SES and other battery companies say they have solved the basic scientific barriers required to make cells that will be safer, cheaper and more powerful. Now it’s a question of figuring out how to churn them out into the millions.
“We are confident that the remaining challenges are engineering,” said Doug Campbell, CEO of Solid Power, a battery manufacturer backed by Ford Motor and BMW. Solid Power, based in Louisville, Colo., Said in June that they had installed a pilot production line that would begin delivering cells for testing purposes to its automotive partners by the end of the year.
Indirectly, Tesla has created many of the Silicon Valley startups. The company trained a generation of battery experts, many of whom quit and went to work for other companies.
Gene Berdichevsky, CEO and co-founder of Sila in Alameda, California, is a Tesla veteran. Mr. Berdichevsky was born in the Soviet Union and emigrated to the United States with his parents, both electrical engineers on nuclear submarines, when he was 9. He received bachelor’s and master’s degrees from Stanford, and then became the seventh employee of Tesla, where he helped develop The Roadster battery.
Tesla effectively created the EV battery industry by proving that people would buy electric vehicles and force traditional automakers to count on the technology, Berdichevsky said. “That’s what’s going to make the world electric,” he said, “everyone is competing to make a better electric car.”

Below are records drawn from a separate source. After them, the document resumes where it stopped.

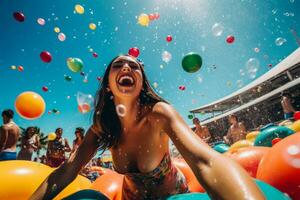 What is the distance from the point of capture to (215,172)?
3.26 ft

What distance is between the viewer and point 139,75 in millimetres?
1948

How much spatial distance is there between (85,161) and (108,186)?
50.0 inches

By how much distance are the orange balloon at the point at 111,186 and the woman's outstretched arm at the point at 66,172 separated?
1107mm

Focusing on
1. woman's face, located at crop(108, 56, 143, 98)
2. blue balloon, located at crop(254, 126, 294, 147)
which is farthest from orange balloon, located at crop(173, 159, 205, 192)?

Sila belongs to a group of start-up companies that have developed materials that significantly improve the performance of existing battery designs, and increase the range by 20 percent or more. Others include Group14 Technologies in Woodinville, Washington, near Seattle, which is backed by Porsche, and OneD Battery Sciences in Palo Alto, California.
All three have found ways to use silicon to store power inside batteries, instead of the graphite that is prevalent in existing designs. Silicon can contain much more energy per pound than graphite, which means that batteries can be lighter and cheaper and charge faster. Silicon will also ease US dependence on refined graphite in China.
The disadvantage of silicon is that it swells to three times the size when charged, which potentially loads the components so much that the battery would fail. People like Yimin Zhu, OneD’s chief technology officer, have spent a decade baking different mixes in laboratories full of equipment, looking for ways to overcome this problem.
Sila, OneD and Group14 are now in various stages of increasing production at locations in Washington State.
In May, Sila announced an agreement to supply the silicon material to Mercedes-Benz from a factory in Moses Lake, Washington. Mercedes plans to use the material in luxury sports cars from 2025.
Porsche has announced plans to use Group14’s silicon material by 2024, albeit in a limited number of vehicles. Rick Luebbe, CEO of Group14, said a major manufacturer would use the company’s technology – which he said would allow a car to charge in 10 minutes – next year.
“At that time, all the benefits of electric vehicles are available without any disadvantages,” said Luebbe.
The demand for batteries is so great that there is plenty of room for more companies to succeed. But with dozens if not hundreds of other companies pursuing a piece of a market that will be worth $ 1 trillion when all new cars are electric, it’s guaranteed to be wrong.
“With each new transformation industry, you start with a lot of players, and it gets limited,” Luebbe said. – We’ll see that here.